Python Speech Recognition

The Main Idea

This Program was an exercise in using a Speech API to integrate Speech recognition into a desktop Python application.




Development Story

The first thing I did was I instinctually looked at the Google Cloud API and signed up for an account. I saw that they had a way to send audio and get a text response. After ten minutes, I was not able to discern where the endpoints were, and decided to pursue another avenue. Google documentation is terrible, and this new product was absolutely no exception.

In the interests of efficiency, I googled to see whether anyone in the Python community had already implemented a wrapper or a set of tools, and it turned out they had, so I simply pip installed their module, ran the demo, and the demo already satisfied most of the requirements. It was BSD licensed and could therefore be easily used off the shelf.

The Speech Recognition Library

The great Python library that I used is very aptly called speech_recogntion.

The project homepage is here:

As a note of caution, if you are to install on OS X, you should install PortAudio is a dependency.

import speech_recognition as sr

r = sr.Recognizer()
m = sr.Microphone()

def record(self):
    # GUI Blocking Audio Capture
    with m as source:
        audio = r.listen(source)

        # recognize speech using Google Speech Recognition
        value = r.recognize_google(audio)
        self.output = "You said \"{}\"".format(value)

    except sr.UnknownValueError:
        self.output = ("Oops! Didn't catch that")

    except sr.RequestError as e:
        self.output = ("Uh oh! Couldn't request results from Google Speech Recognition service; {0}".format(e))

Looking at the above code snippet you can see just how easy it is to use this library. It takes literally seconds to get started with it. No registering for keys on site, making key pairs, creating separate threads, etc. It just works.
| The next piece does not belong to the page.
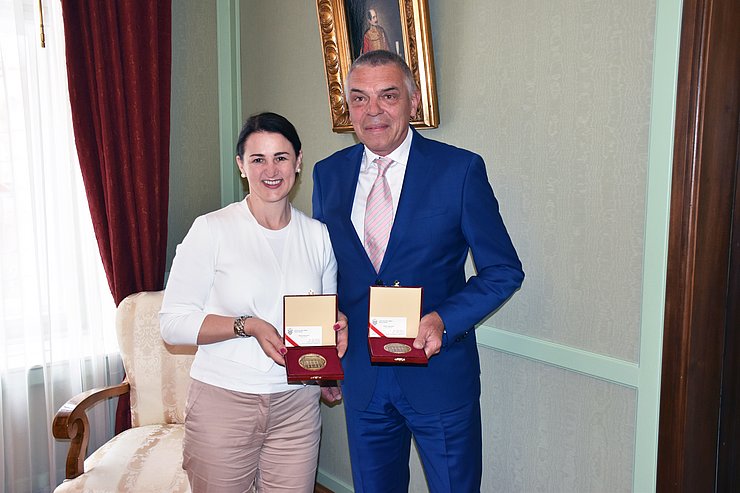 © Land Tirol/Pölzl Mair und Logar stehen nebeneinander, lachen und halten ihre Auszeichnungen in die Kamera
This is how all libraries should be written.

 The Graphic Library

I then decided to combine the example I found with my favorite Python GUI framework (Kivy) and quickly made an example that included a button, and an output field (where it would display the result to the user).


Finally, with a few simple lines of code joining everything together, I was off the ground quickly with a complete demonstration.